To Beaty, they’re “female in name only” and “unrecognizable as women except for the fact they had breasts – often hidden, of course.” (The transphobic subtext is also pretty hard to miss.) She accuses them of being “so masculine the reader had to be reminded frequently that they were women.”
Kekai, to her credit, is much more sympathetic, but “wannabe Katniss” characters are still seen as the problem and it’s hard to see any interpretation that doesn’t require them to get suppressed to make room for more girly girls.
Andye’s #cutyourenemiesnotyourhair hashtag is the simplest possible distillation: An order not to present in gender-nonconforming ways. Andye likes long hair, so no one in fiction should cut their hair. Period. She could have chosen a hashtag celebrating long hair—#longhairdontcare is right there waiting to be used—but no, it had to be an attack on short hair.
The fact that Andye didn’t mean it to be taken that way—that is, to be taken as saying what it plainly says—demonstrates the depth of the bias in favor of gender conformity: If you’re a feminine woman, a direct command to not present gender differently than yours speaking is taken as a harmless, neutral affirmation that your form of gender presentation is okay, while if you’re not feminine, your very presence is seen as an attack on other forms of gender presentation. (Imagine the drama if a girl with short hair told all other girls not to grow long hair!)
And the examples of “unfeminine” female characters are so broad as to be ludicrous, including characters like Alice in Alice Through The Looking Glass (who cuts her hair at some point, I guess?) and Katniss (who wears a gown at least once per book and practices archery, which has been an acceptable women’s sport since Victorian times). That’s right: The definition of femininity in the modern YA community is more restrictive than it was in Victorian times.

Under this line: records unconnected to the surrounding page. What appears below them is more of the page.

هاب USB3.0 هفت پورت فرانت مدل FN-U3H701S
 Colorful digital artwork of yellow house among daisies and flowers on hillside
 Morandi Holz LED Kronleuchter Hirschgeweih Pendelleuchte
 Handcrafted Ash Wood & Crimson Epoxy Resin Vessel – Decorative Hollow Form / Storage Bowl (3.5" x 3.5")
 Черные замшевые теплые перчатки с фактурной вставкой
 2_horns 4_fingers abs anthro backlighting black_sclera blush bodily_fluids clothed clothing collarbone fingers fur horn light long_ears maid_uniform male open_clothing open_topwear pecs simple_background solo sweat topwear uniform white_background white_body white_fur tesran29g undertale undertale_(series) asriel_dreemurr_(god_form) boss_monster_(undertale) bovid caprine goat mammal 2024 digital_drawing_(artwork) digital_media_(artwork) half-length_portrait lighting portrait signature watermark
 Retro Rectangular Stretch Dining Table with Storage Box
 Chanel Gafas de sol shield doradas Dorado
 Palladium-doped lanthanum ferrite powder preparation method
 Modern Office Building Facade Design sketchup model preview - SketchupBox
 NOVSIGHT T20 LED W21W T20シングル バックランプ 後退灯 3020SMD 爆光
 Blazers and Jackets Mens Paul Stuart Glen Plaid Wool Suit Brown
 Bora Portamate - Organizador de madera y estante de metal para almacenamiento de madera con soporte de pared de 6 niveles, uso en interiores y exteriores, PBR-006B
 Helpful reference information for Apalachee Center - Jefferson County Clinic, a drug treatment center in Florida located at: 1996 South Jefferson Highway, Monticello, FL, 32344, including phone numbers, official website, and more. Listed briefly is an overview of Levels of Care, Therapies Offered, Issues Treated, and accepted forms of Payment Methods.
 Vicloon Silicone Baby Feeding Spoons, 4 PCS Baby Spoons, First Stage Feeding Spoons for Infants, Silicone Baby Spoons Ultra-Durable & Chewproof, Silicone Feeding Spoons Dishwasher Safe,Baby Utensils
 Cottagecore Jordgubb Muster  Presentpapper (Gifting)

Hi, I’m Katz. I have a crew cut. I wear work boots. I don’t own a purse, a mirror, or a single piece of makeup. I’m not a man with breasts; I’m not a poorly written character; I’m not an attempt to overcompensate. I am a real live woman. If you identify as a woman, then you look female and act female by definition, no matter what you do. And I deserve to see characters who reflect my experience, just as everyone does. Come at me.
The “girls should be allowed to be girly” articles are, in fact, reinforcing the exact same gendered roles that all of society subjects women to, and punishing (or at least insulting) anyone who fails to conform. We can do better. If you want to discuss whether feminine characters are treated fairly, go ahead, but stop begging the question by pretending that gender-conforming characters don’t exist and that the very existence of gender-nonconforming characters is harming you.
And if you’re serious about defending the right to be feminine, why not take on a real battle and demand more feminine male characters?